The active ingredient in this medicine is triamcinolone acetonide, a synthetic steroid that is contained in an aqueous microcrystalline suspension.
This nasal spray is the 1st over-the-counter nasal spray that contains a steroid that can be used to prevent or treat allergic rhinitis. This nasal spray controls the symptoms of allergic rhinitis, however, it does not cure them.
Some individuals start to get relief on the first day of treatment. However, for the majority of users, a few days of continual use are necessary to provide maximum signs and symptoms relief (without healing the condition in question).
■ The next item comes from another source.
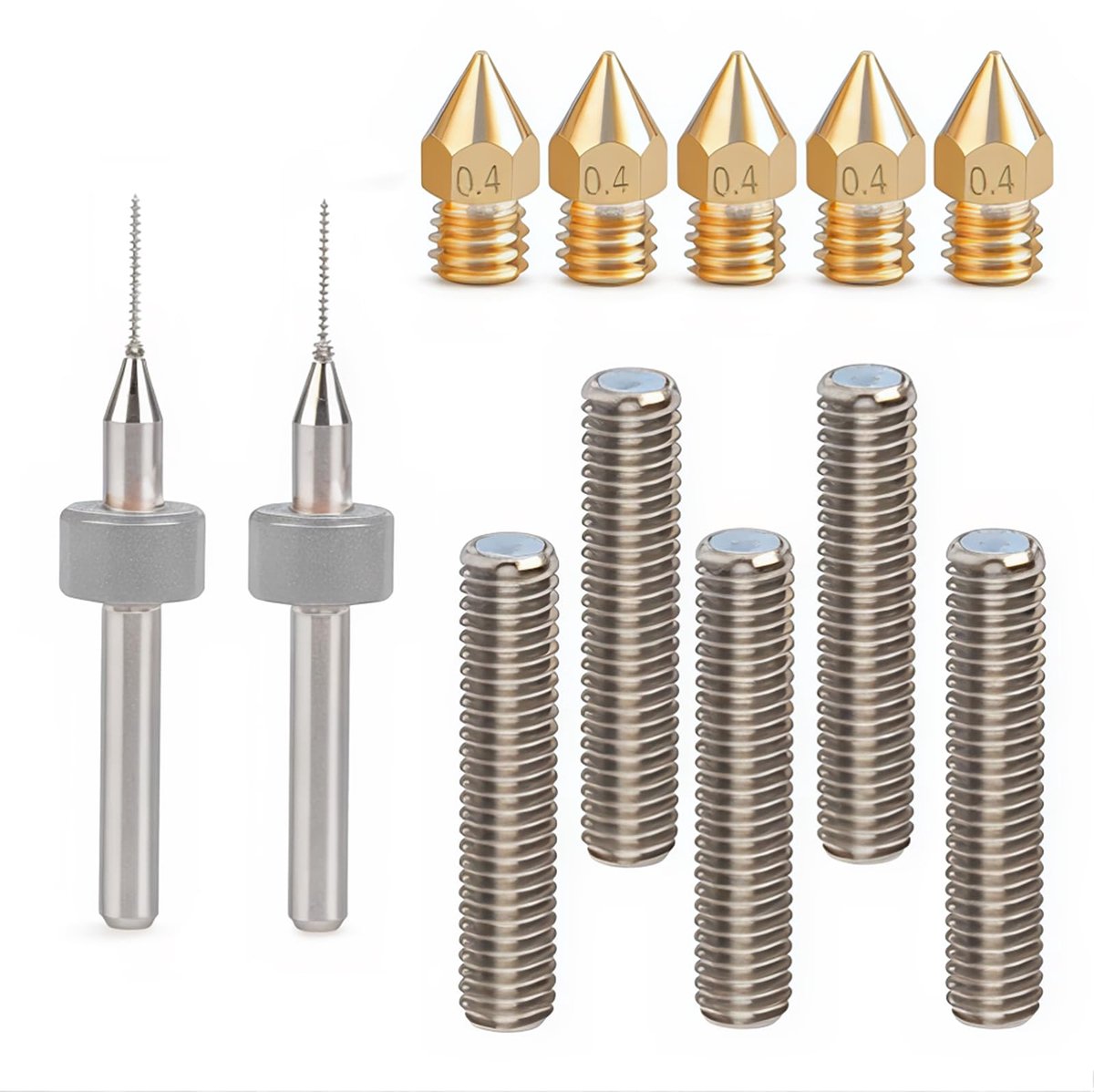 Dailygoods - 12-delige Messing Mondstukken Set voor 3D Printer - Inclusief Teflon Throat Tube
For adults and children 12 years of age and older, the typical dose is 2 sprays in each nostril once per day. To minimize adverse effects while maintaining the effectiveness, once maximum symptoms relief has been achieved, it is recommended to reduce the dose to 1 spray in each nostril per day. For children aged 6 to 11 years, the typical dose is one spray in each nostril once per day.
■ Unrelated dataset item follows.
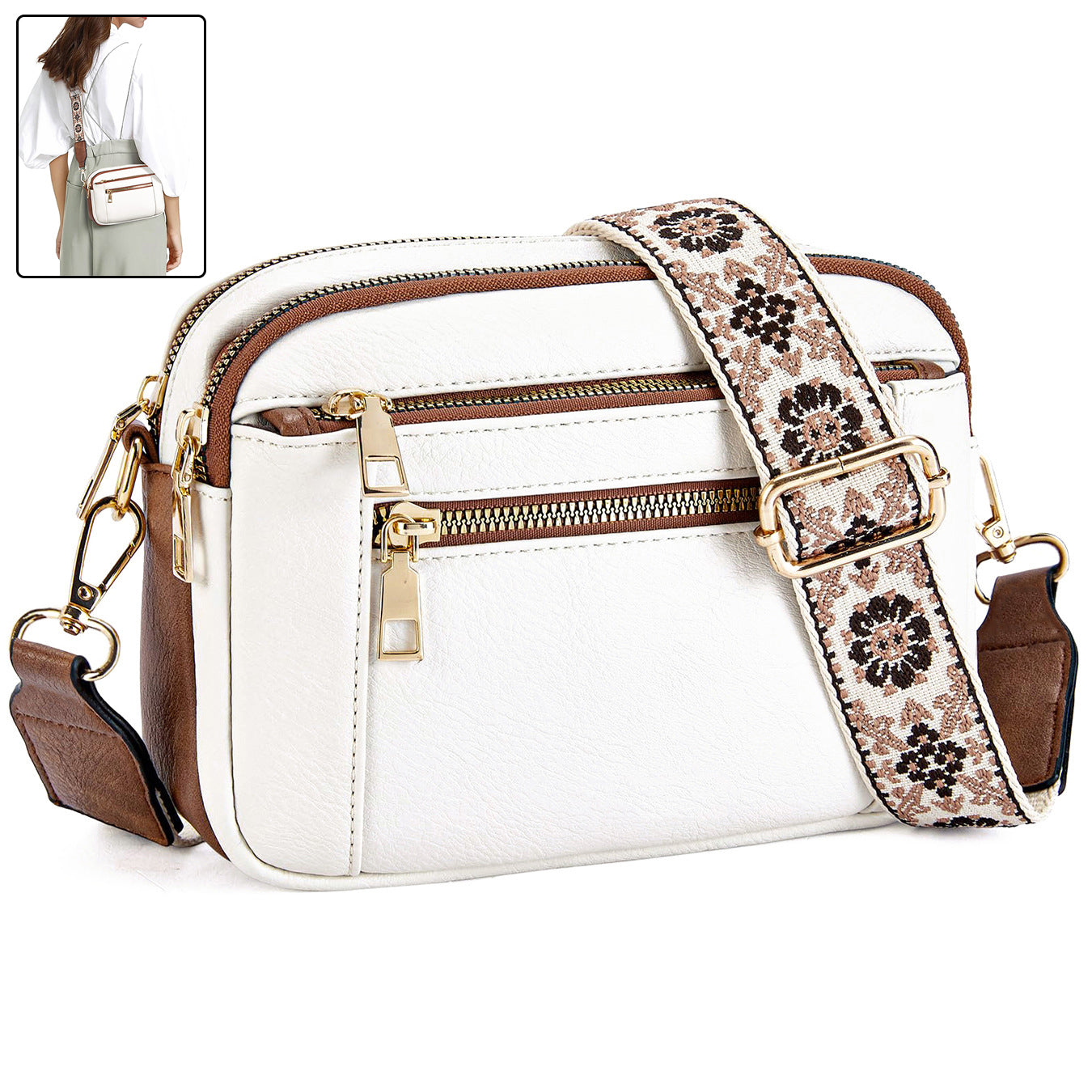 Triple Zipper Shoulder Bag Multi-functional Floral Crossbody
- seeing halos around lights;
- eye pain;
- blurred vision;
- unusual weakness;
- loss of appetite;
- easy bruising;
- flu-like symptoms;
- sores inside your mouth and nose;
- unexplained weight loss;
Until you know precisely how this medicine affects you (it may cause dizziness), do not operate or drive heavy machinery.
Individuals with chronic rhinitis who might use nasal steroids for long periods should use them at the lowest dose which controls their symptoms and only intermittently. Also, this medicine should not be used if you have an ulcer or an open wound within your nose.
Before using this nasal spray, tell your healthcare provider if you have infections (including tuberculosis), eye problems (like – cataracts or glaucoma), recent nose problems (like – ulcers, injury, surgery).
More importantly, because it reduces your capacity to fight infections, stop use these medicines if you develop measles, chickenpox, or tuberculosis.
Don’t allow the child to use it for longer than 8 weeks per year since it may reduce the rate of growth.
It is a nasal spray that contains the active ingredient mometasone furoate monohydrate, a type of drug known as a corticosteroid. It prevents the release of compounds in the human body which causes inflammation.
This medicine is sprayed into the nose to help relieve signs and symptoms which may occur with year-round allergies, including stuffiness in the nose, itching, and sneezing. If the medicine is taken 20 days before allergy season, it can prevent allergies.
Also, it may be used to treat sinus inflammation (when your nasal cavities become swollen, infected, and inflamed) in adults. It should be used with a specific antibiotic if a bacterial infection causes sinus inflammation. In addition, it is used to treat acute sinusitis in children 12 years of age and older.
Adults and children over 12 should use two sprays in each nostril once per day. Once symptoms are controlled, it is recommended to reduce the dose to 1 spray in each nostril per day.
Before use, shake the container slightly, blow your nose gently, remove the protective cap and use it to one nostril at a time. Don’t stop taking this medicine, even if your allergy signs and symptoms have apparently subsided.
Also, use this steroid nasal spray at around the same time every day. Moreover, if you forget to take your regular dose, use it as soon as you remember.
- white patches inside or around your nose;
- blood-tinged mucus;
- nose dryness;
- joint pain;
- muscle pain;
- a sore throat;
- stuffy nose;
Tell your healthcare provider if you have injured your nose in any way, recently had surgery on your nose as well as if you have glaucoma (an eye disease), cataracts (clouding of the lens of the eye), or a herpes infection of the eye.
Avoid contact with people who have measles or chickenpox (a contagious disease caused by the varicella-zoster virus) while using this steroid nasal spray since it may weaken your immune system.
If you are pregnant or breastfeeding a baby, ask your healthcare provider for advice before using it. More importantly, children younger than 2 years of age should not use this nasal spray.
Nasacort vs Nasonex – Which Is Better To Treat Allergic Rhinitis?
Both nasal sprays relieve signs and symptoms of allergic rhinitis even if they don’t have the same active compound. More importantly, Nasonex can also treat nasal polyps (noncancerous growths on the lining of your sinuses or nasal passages) but possesses more side effects than Nasacort does.